= Henry Madin =

French composer

Henry Madin (7 October 1698 – 3 February 1748) was a French composer at the Chapelle royale and music theorist.

==Biography==
Madin was born in Verdun, Three Bishoprics of a French mother and an Irish father born in Galway who had left Ireland in the early 1690s with the Wild Geese. His first music studies took place in Verdun, among the children singing in the cathedral school. After having directed church choirs at the cathedrals of Meaux, Verdun, Tours, and Rouen), Madin moved to Versailles in 1736, where he was first active for the King's service, relieving the duties of Charles-Hubert Gervais and André Campra. In 1738, after having ensured membership in the royal chapel, he became "Sous-maître de la Musique de la Chapelle du Roi" – the highest position for a musician at the French court – alongside Esprit Antoine Blanchard. From 1742, protected by Louis XV, Madin was appointed Governor of the Pages. He died in Versailles aged 49.

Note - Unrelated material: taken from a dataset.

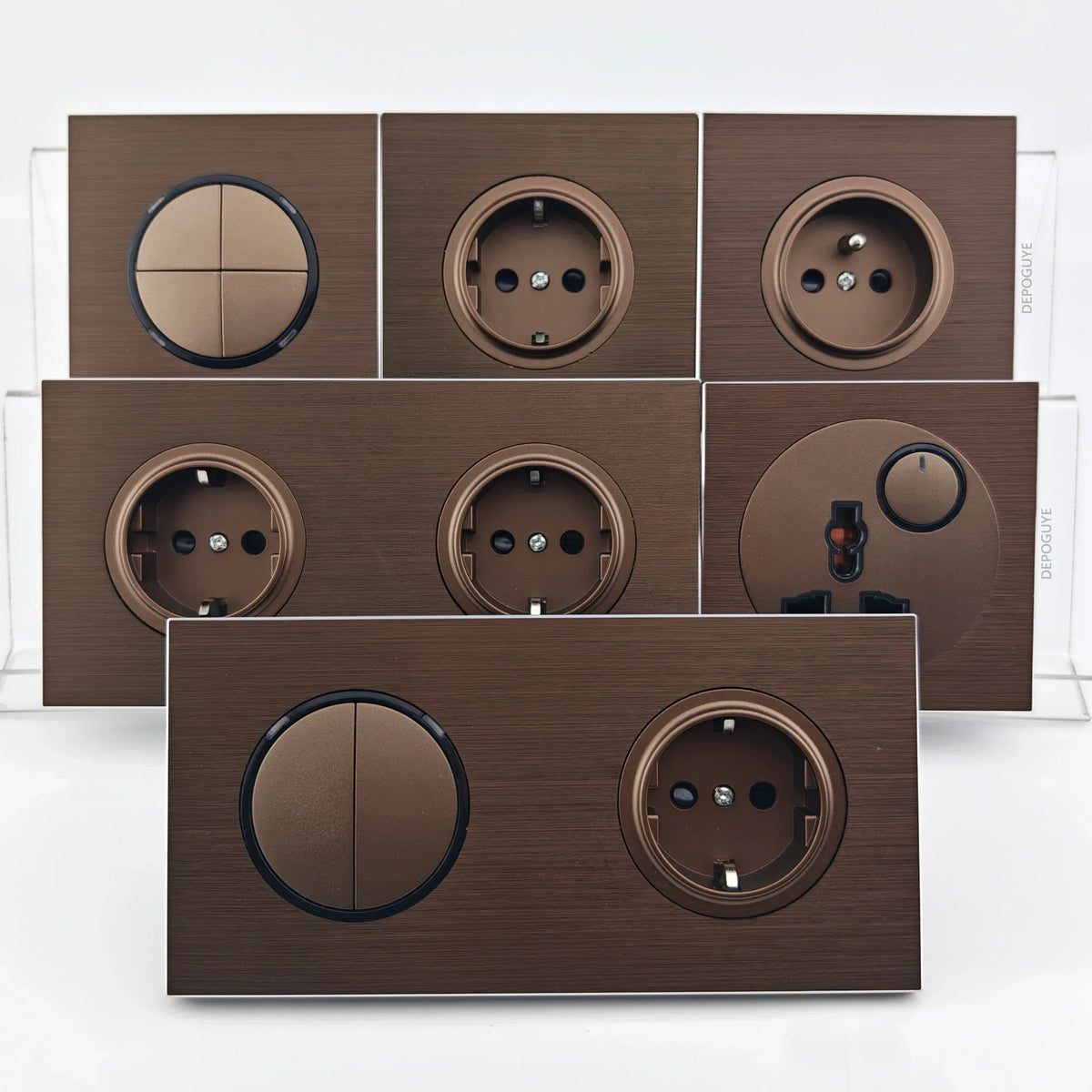 Wall Switch & Outlet Coffee Brown LED Reset Button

In 1742 Madin published a treatise on counterpoint, Traité de contrepoint simple, which was inspired by Louis-Joseph Marchand's earlier 1739 publication Traité du contrepoint simple, ou Chant sur le livre.

==Editions==
- Henry Madin, Les Messes. Edited by Jean-Paul C. Montagnier (Versailles: Centre de musique baroque de Versailles, 2003).
- Henry Madin, Te Deum. Edited by Jean-Paul C. Montagnier (La Petite-Raon, Nancy: Entreprise & culture en Lorraine, 2017).

==Recordings==
- Henry Madin: Masses, Motets; Ensemble Almasis, directed by Iakovos Pappas, on Arion ARN 68432 (CD, 1998).
- Henry Madin: Les Petits motets; Ensemble Le Concert Lorrain, directed by Anne-Catherine Bucher, on K617 K617184 (CD, 2008).
- Henry Madin: Te Deum pour les victoires de Louis XV; Ensemble Stradivaria, Les Cris de Paris, directed by Daniel Cuiller, on Alpha-Classics ALPHA 963 (CD, 2016).

==Bibliography==
- Jean-Paul C. Montagnier: Henry Madin (1698–1748). Un musicien Lorrain au service de Louis XV (Langres: Éditions Dominique Guéniot, 2008).
- Jean-Paul C. Montagnier: "De Galway à Verdun: les origines irlandaises du compositeur Henry Madin", in: Le Pays lorrain, vol. 108 no. 92 (December 2011), p. 375–377.
- Jean-Paul C. Montagnier: The Polyphonic Mass in France, 1600–1780: The Evidence of the Printed Choirbooks (Cambridge: Cambridge University Press, 2017).
- Jean-Paul C. Montagnier, "The War of the Austrian Succession and the Masses by Henry Madin (1741-1748)", in: Music & Letters, 100 (August 2019), pp. 391–419.